[Opening SOURCE MATERIAL section]

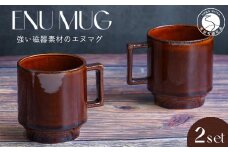 有田焼 世界一つよいマグカップ ～エヌ・マグ～ ブラウン 2個 セット 匠 Takumi 強化磁器 割れにくい スタッキング スタイリッシュ ギフト プレゼント 茶色 ちゃいろ A11-64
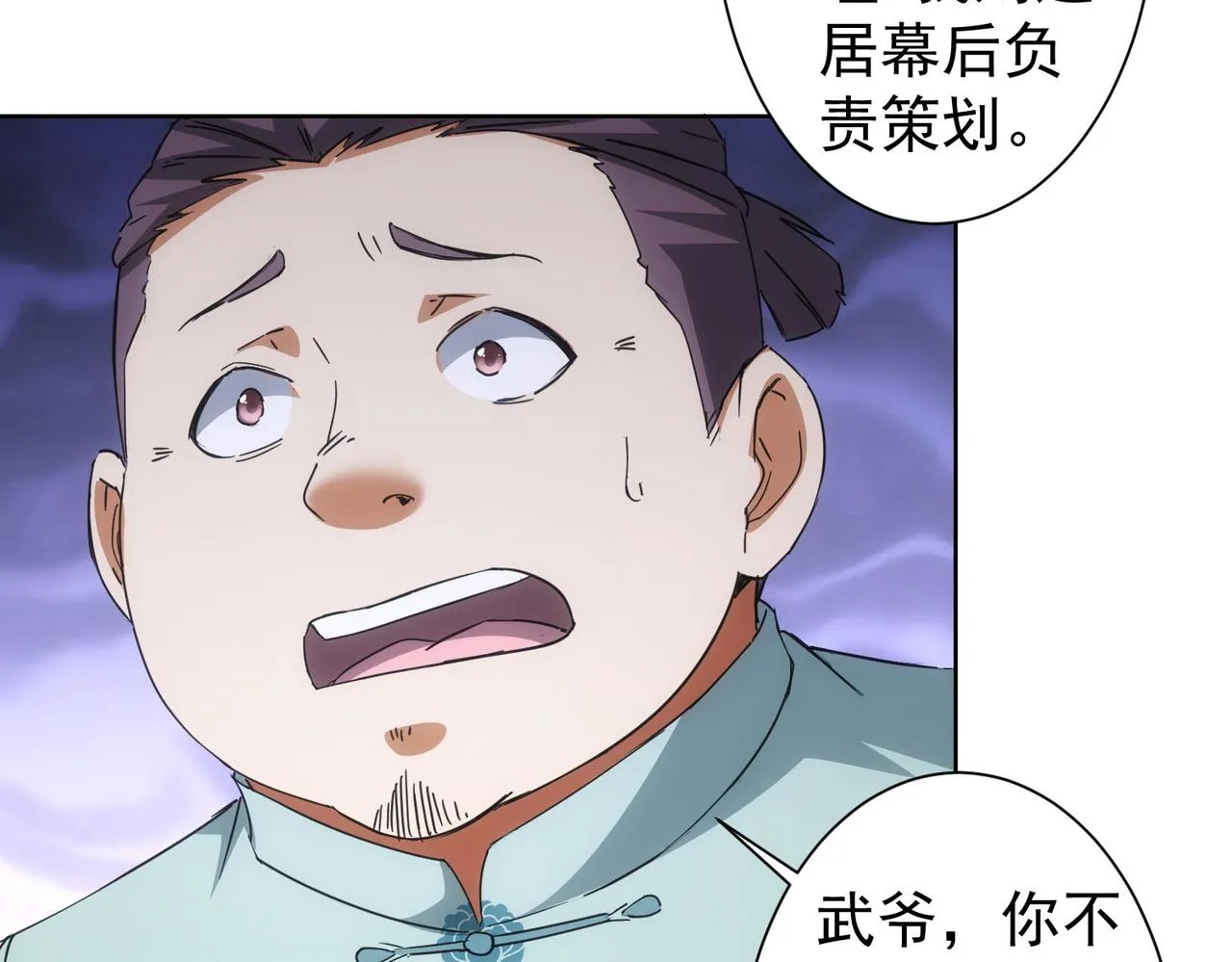 第227话 重打鼓另开张 第52页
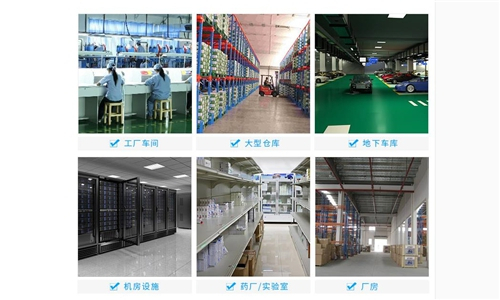 制袋车间防静电加湿机 复合包装袋生产线加湿设备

[Closing SOURCE MATERIAL section]

## EXERCISE INSTRUCTIONS
Could you repeat all of the data exactly, minus the pictures?

## WRITTEN REPLY
 有田焼 世界一つよいマグカップ ～エヌ・マグ～ ブラウン 2個 セット 匠 Takumi 強化磁器 割れにくい スタッキング スタイリッシュ ギフト プレゼント 茶色 ちゃいろ A11-64
 第227话 重打鼓另开张 第52页
 制袋车间防静电加湿机 复合包装袋生产线加湿设备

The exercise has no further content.